Commands for Windows:

# Please change <subscription_id> <resourcegroup_name> and <webapp_name> to your own
$token = az account get-access-token --resource https://management.azure.com --query accessToken -o tsv ; $history_id = az webapp webjob triggered log --resource-group <resourcegroup_name> --name <webapp_name> --webjob-name train-mbti-model --query "[0].id" -o tsv | ForEach-Object { ($_ -split "/history/")[-1] } ; $response = Invoke-RestMethod -Uri "https://management.azure.com/subscriptions/<subscription_id>/resourceGroups/<resourcegroup_name>/providers/Microsoft.Web/sites/<webapp_name>/triggeredwebjobs/train-mbti-model/history/$history_id/?api-version=2024-04-01" -Headers @{ Authorization = "Bearer $token" } -Method GET ; $log_url = $response.properties.output_url ; Invoke-RestMethod -Uri $log_url -Headers @{ Authorization = "Bearer $token" } -Method GET

Once you see the report in the Logs, it indicates that the training is complete, and the Flask app is ready for predictions.

You can also find the newly trained models in the File Share mounted in your local environment.

Using the Model for Prediction

Just like in local testing, open a terminal and use the following curl commands to send requests to the app:

# Note: Replace the instance of tensorflow-bicep-app with the name of your web app.
curl -X GET "https://tensorflow-bicep-app.azurewebsites.net/api/detect" -H "Content-Type: application/json" -d '{"post": "I am happy"}'

As with the local environment, you should see the expected results.

7. Troubleshooting

docker.log freeze after deployment

Symptom: I cannot get the latest deployment status after Azure DevOps publish the code to Web App via kudu site and frontpage getting error 504
Cause: This project includes two virtual environments, each containing a TensorFlow package.
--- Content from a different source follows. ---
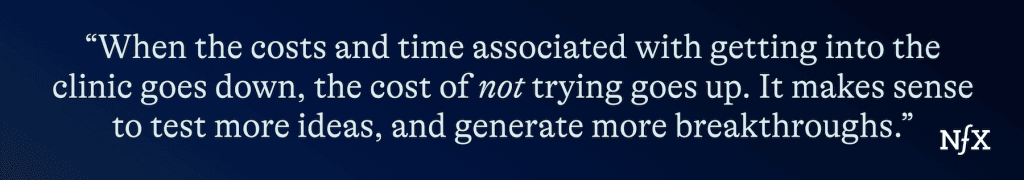 In-vitro, in-vivo, in China: How Early-Stage Companies Are Reaching the Clinic Faster Than Ever from NFX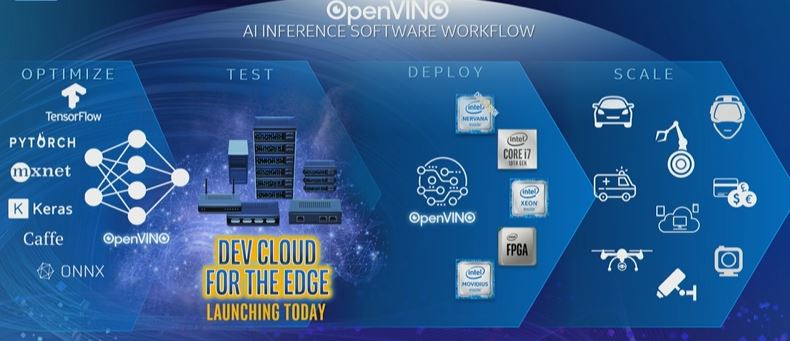 Intel AI Summit 2019 OpenVINO Max Dev Cloud For The Edge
During the start.sh process of creating these environments, each environment takes approximately 10 minutes to set up. As a result, the docker.log or Log Stream might temporarily stall for about 20 minutes at a certain stage.
Resolution: After roughly 20 minutes, once all the packages are downloaded, the logs will resume recording.

Others

Using Scikit-learn on Azure Web App

Using OpenAI on Azure Web App

8. Conclusion

TensorFlow, much like a Swiss Army knife, encompasses a wide range of training algorithms. While Azure Web App is not typically used for training models, it can still serve as a platform for inference. In the future, I plan to introduce how pre-trained models can be directly loaded using JavaScript. This approach allows the inference workload for non-sensitive models to be offloaded to the client side.